Douglas G. Wilson
douglas at NB.NET
Thu Dec 16 04:22:53 UTC 2004
>1. Has anyone put forth a good reason why it COULD NOT HAVE come from the
>Gaelic "cie bas" = "black cap" theory? Along with this, is there any new
>evidence that would further this being the source of the word? And, how far
>back can the "cie bas" phrase be found meaning what "kibosh" means?
As far as I can tell the purported Irish etymon might be "caipin báis" =
"cap of death" or so, and maybe there's a short form of "caipin" like
"caip" to make the thing phonetically plausible, I don't know. At a glance
I don't see any relevant word like "cie". The various spellings and glosses
given suggest that most of us don't know much about Irish (I surely don't).
I don't know that I've ever seen any quotation from any time showing this
used in Irish; maybe it's a genuine expression, but this is one of those
stories that goes around without any supporting citations. As long as no
etymology has been established, all conjectures are permissible, some more
likely than others maybe.
>2. Why is the word "bosh" NOT related to "kibosh?" I understand that
>"bosh" is supposedly from the Turkish. But why couldn't it have been
>related to "kibosh?" The close timeframe of such related terms would seems
>to be made to order for their being related. I know this isn't a sufficient
>reason for them to be related, but, they COULD be. At least, IMHO.

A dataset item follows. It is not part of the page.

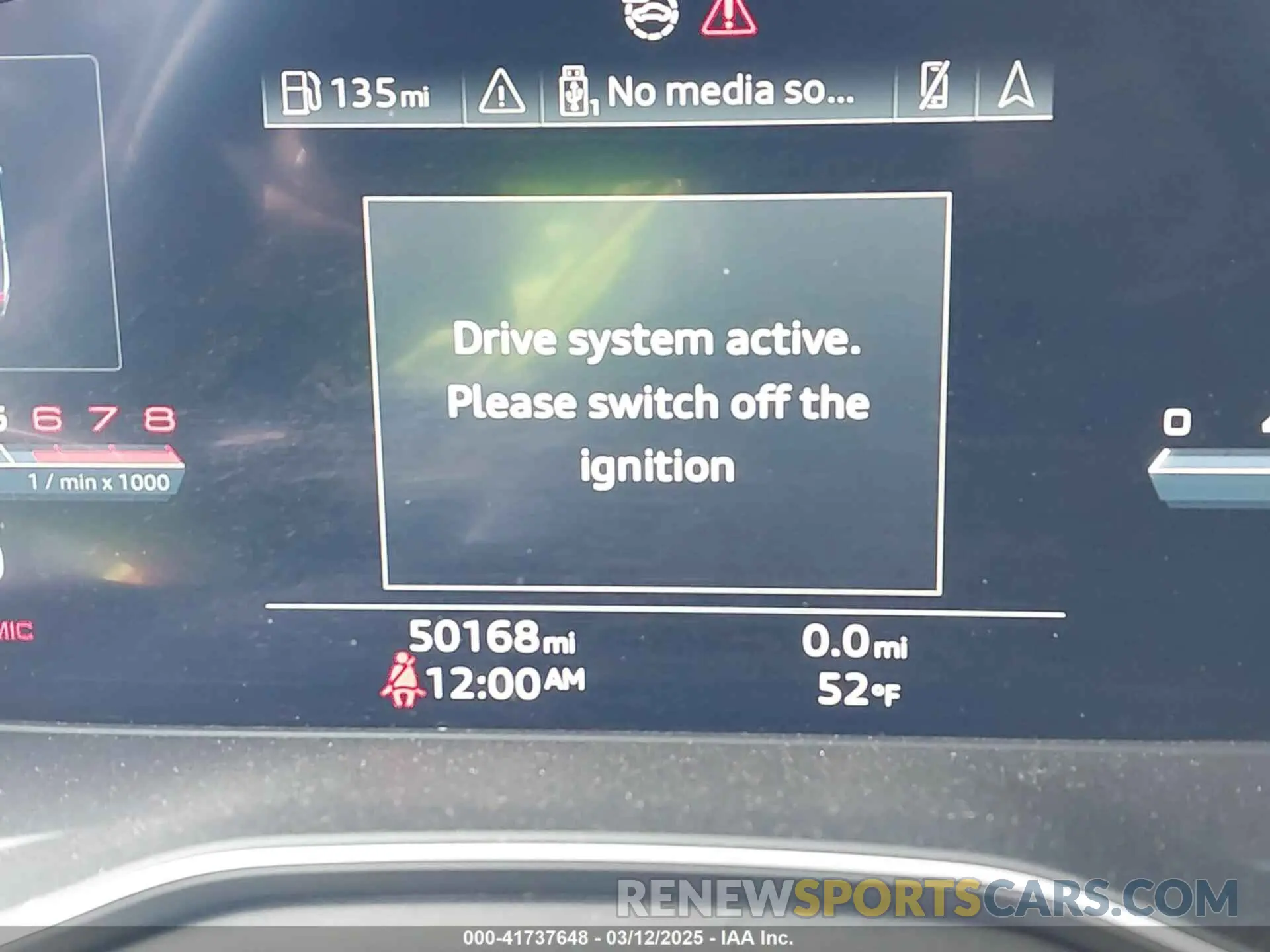 15 fotografías del automóvil dañado WAUC4CF51LA012689 AUDI S5 SPORTBACK 2020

I think it is said that "bosh" came (not from the Turkish spoken by some
Turks at a London coffee-shop but) from a certain novel. Without a special
source such as that novel, Turkish origin of an arbitrary English word
would usually be a priori unlikely, I think. Again, various conjectures can
be entertained, until the truth comes to light. Since my knowledge of
Turkish is slightly less than my knowledge of Irish (if such a thing is
possible), I won't make any remarks on possible Turkish etyma.